Hello all,
As part of my PhD work, I’m applying the Universal Differential Equations (UDE) approach seen in Automatically Discover Missing Physics by Embedding Machine Learning into Differential Equations · Overview of Julia's SciML to estimate the controller of a wind turbine. I’m using a simple aerodynamic model with three states (rotor speed wr
, generator torque Tg
and blade pitch β
) and one exogenous input (the wind speed vr
). I lack knowledge of the controllers responsible for computing the reference torque Tg_ref
and reference pitch β_ref
. They might function as PI controllers, but I’d rather not presume any specific structure to maintain generality, preferring to keep them as a neural network. The system has been simulated previously in open loop (using Tg
and blade pitch β
as exogenous inputs apart from vr
) and it produces quite accurate results compared to the data, so the issue I describe below is not due to a wrong aerodynamic model.

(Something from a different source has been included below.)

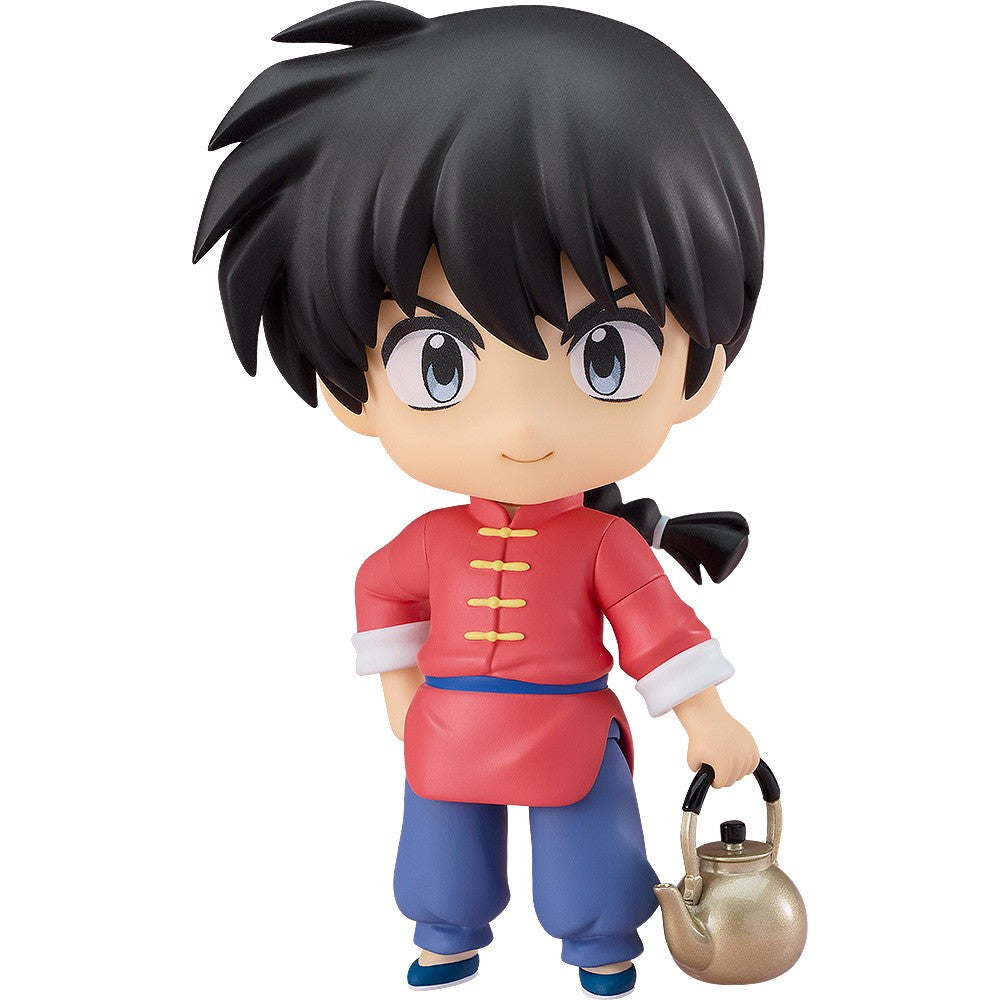 【新品】【お取り寄せ】[FIG] ねんどろいど 2690 早乙女乱馬(さおとめらんま) らんま1/2 完成品 可動フィギュア グッドスマイルカンパニー(20250831)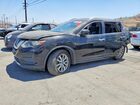 2017 Nissan Rogue Sv Черный vin: JN8AT2MT2HW153083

My issue: I’m unable to get a remotely decent neural network estimation of the controller, which I find surprising, as it normally has a form similar to this: β_ref = Kp_β * wr_err + Ki_β * ∫wr_err
and Tg_ref = Kp_Tg * wr_err + Tg_rated
, with wr_err = wr – wr_rated
. A neural network should have no problem approximating such a simple relationship. Depending on the random initialization of the neural network parameters I’ve noticed various outcomes, none of which are successful: either my loss remains unchanged throughout the iterations of Adam, or the problem becomes unstable, preventing the optimization from completing, or if it does complete, the estimated trajectory is unsatisfactory.

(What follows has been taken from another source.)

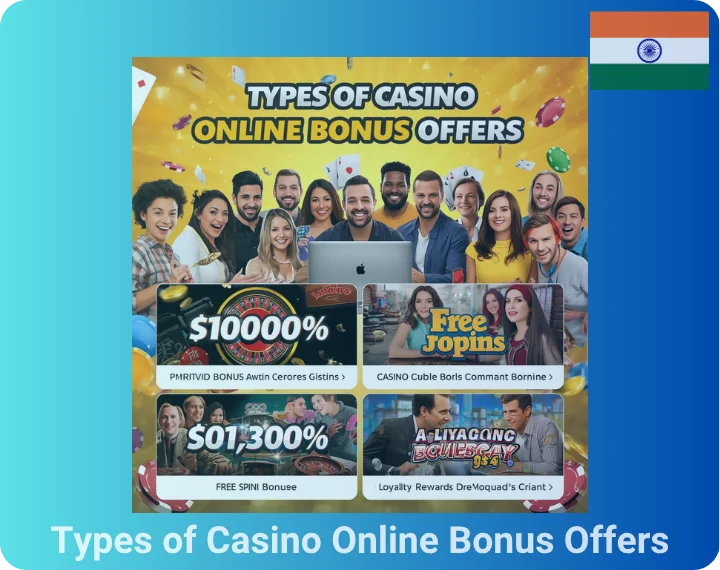Types of Casino Online Bonus Offers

Note 1: I’ve scaled the data dividing by the maximum possible value of each variable. Inside the wind_turbine_ude!()
function, the error and the controller are supposed to be scaled such that the neural networks only have to deal with values between 0 and 1. Then, I de-scale wr
, Tg
and β
by multiplying by their maximum values because the rest of the model needs the variables in the original units, and then I make sure that the derivatives are scaled again in the last three lines of the function.

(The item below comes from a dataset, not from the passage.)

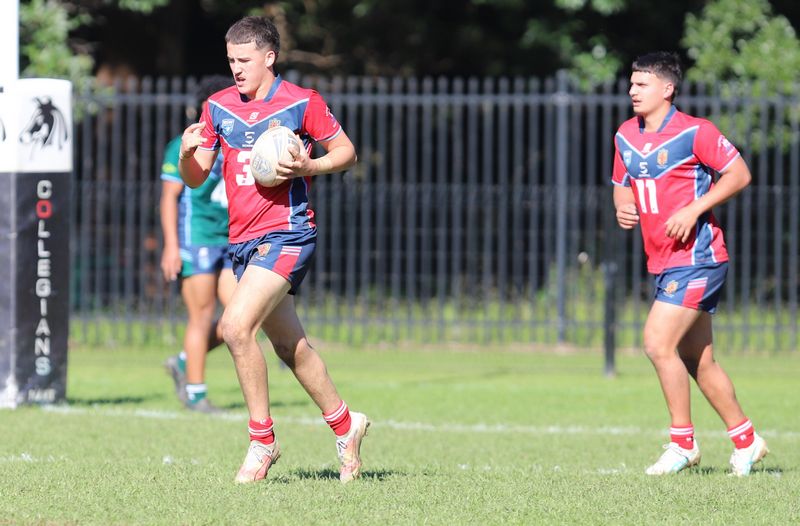 NSWCHS u18 Schoolboys RED vs NORTHERN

Note 2: Defining f_β = x -> max(min(1.0, x), 0.0)
and f_Tg = x -> max(min(1.0, x), 0.0)
and then using them as Tg_ref = NN_Tg([wr_err], p.p_NN_β2, _st_NN_β)[1][1]
and β_ref = NN_β([wr_err], p.p_NN_Tg2, _st_NN_Tg)[1][1]
seems to help in avoiding instability, but still the outcome is wrong as I described earlier.
Questions:
- How can I set up the initial parameters of the neural network to avoid the untrained network producing weird initial trajectories? Just to try to make the problem easier for the optimizer.
- I’ve also tried defining only one neural network for both control signals, but I get similar outcomes. Nevertheless, which option would be more advisable, using one neural network or using two as in the code attached below?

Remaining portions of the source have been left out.